Hamjambo! Greetings from Dodoma, the capital city of Tanzania!

The Research in Improving System of Education (RISE) in Tanzania examines a wide set of issues, including the political economy of education reform, teacher motivation, and education service delivery – many of which I spent last year learning and thinking over in my Education & Development class. At the beginning of internship, the project’s principal investigators and our intern team determined the types of data to be collected throughout the summer related to these issues.  One of my main tasks during the past month is to map out the sector’s data collection and management system and gather as much data as possible from the central government before running the next stage of data collection in a sample of districts. Hence, I have been visiting ministries in Dodoma and Dar es Salaam to collect data and conduct interviews with government officials who are involved in various aspects of the education system.

Interviewing government officials on teacher placement.

Interviewing government officials on teacher placement.

My exposure to government institutions such as the Ministry of Education, the Teachers’ Service Commission, and the central administration of the President’s Office has given me valuable insights on the capacity of these institutions to plan, coordinate, and implement basic education in the country. There are many binding constraints in the system – the most obvious one being the lack of adequate IT infrastructure and human resources to collect and manage education data. Even at the Statistics Office of the central Basic Education Administration Unit, there was only one desktop with access to the data portal and one officer with a deep knowledge of this system. This resulted in missing and inconsistent data as well as hours of my life spent on scanning tables from dusty paper reports since there was no computerized data available for several years.
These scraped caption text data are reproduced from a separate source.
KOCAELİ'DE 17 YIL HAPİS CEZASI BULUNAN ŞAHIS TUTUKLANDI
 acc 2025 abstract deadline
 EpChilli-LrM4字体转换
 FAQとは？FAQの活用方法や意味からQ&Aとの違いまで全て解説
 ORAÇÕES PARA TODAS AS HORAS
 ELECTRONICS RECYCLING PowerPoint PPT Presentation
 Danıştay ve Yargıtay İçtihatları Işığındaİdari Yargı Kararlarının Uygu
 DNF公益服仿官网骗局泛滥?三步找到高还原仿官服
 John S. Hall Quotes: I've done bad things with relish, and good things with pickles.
Thinking back on the importance of evidence-based policy that we learned in class, I could not help but wonder how far the government’s capacity is from doing so when even the simplest data such as enrollment was a guesswork for some years.

RISE Tanzania Stakeholder Conference.

RISE Tanzania Stakeholder Conference.

Furthermore, the ongoing decentralization of basic education implementation from the Ministry of Education to the Regional Administration & Local Government authorities have resulted in a coordination challenge, with accountability mechanisms and human resources remaining to be fully rolled out. I got a peek of this when I was trying to collect data from both places – one would say that the other has the data, or that a certain function has been transferred while in fact no role has been created in the new education unit to take over the responsibility. The coordination challenge is not only between these government bodies, but also with development partners. At the RISE Stakeholder Reference Meeting earlier this month, several development partners presented lessons from their projects. It was interesting to note how eerily similar they all are – all focusing on improving learning outcome through teacher trainings, early grade reading, etc. None of them tackled the elephant in the room – which was teacher motivation & absenteeism. I tried to imagine myself in the shoes of the Permanent Secretary of Education sitting in the room at the time. How would I coordinate the efforts of development partners to align with the sector’s vision and work on the most intractable challenges, given their different agendas and pressure to show results in a five-year project? There is no easy answer.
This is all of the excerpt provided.